=== Section Start ===

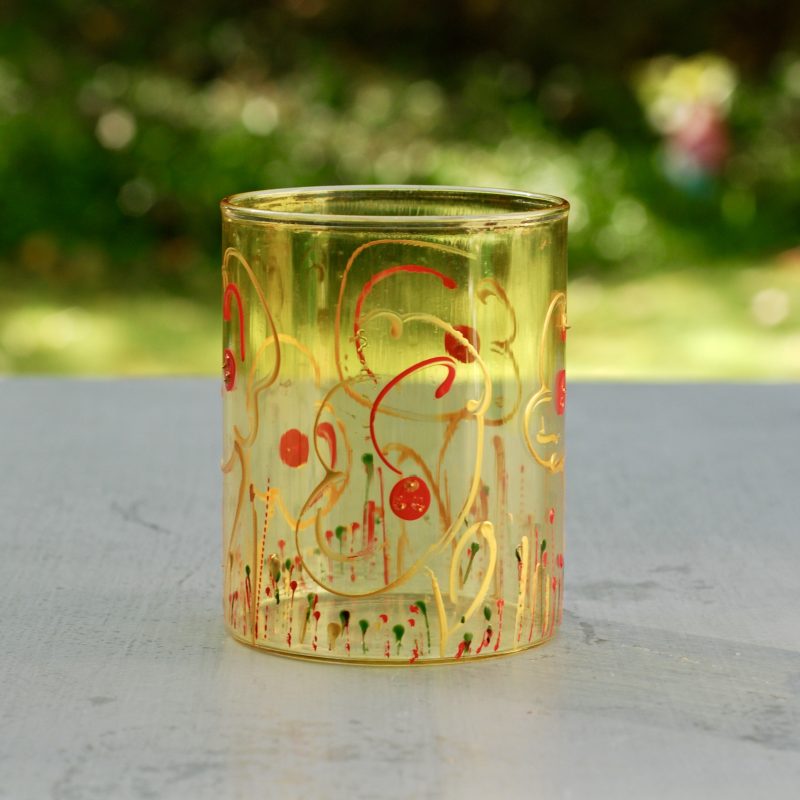 Glazen handgeschilderde bloemenvaas geel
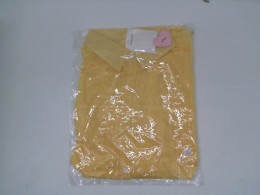 Yellow long-sleeved shirt with white stripes 
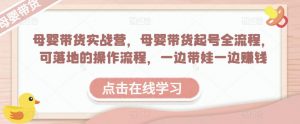 母婴带货实战营,母婴带货起号全流程,可落地的操作流程,一边带娃一边赚钱(附素材)-网赚资源网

=== Section End ===

**Action item**
Reproduce the data above word for word and omit the images.

**Exercise output**
 Glazen handgeschilderde bloemenvaas geel
 Yellow long-sleeved shirt with white stripes 
 母婴带货实战营,母婴带货起号全流程,可落地的操作流程,一边带娃一边赚钱(附素材)-网赚资源网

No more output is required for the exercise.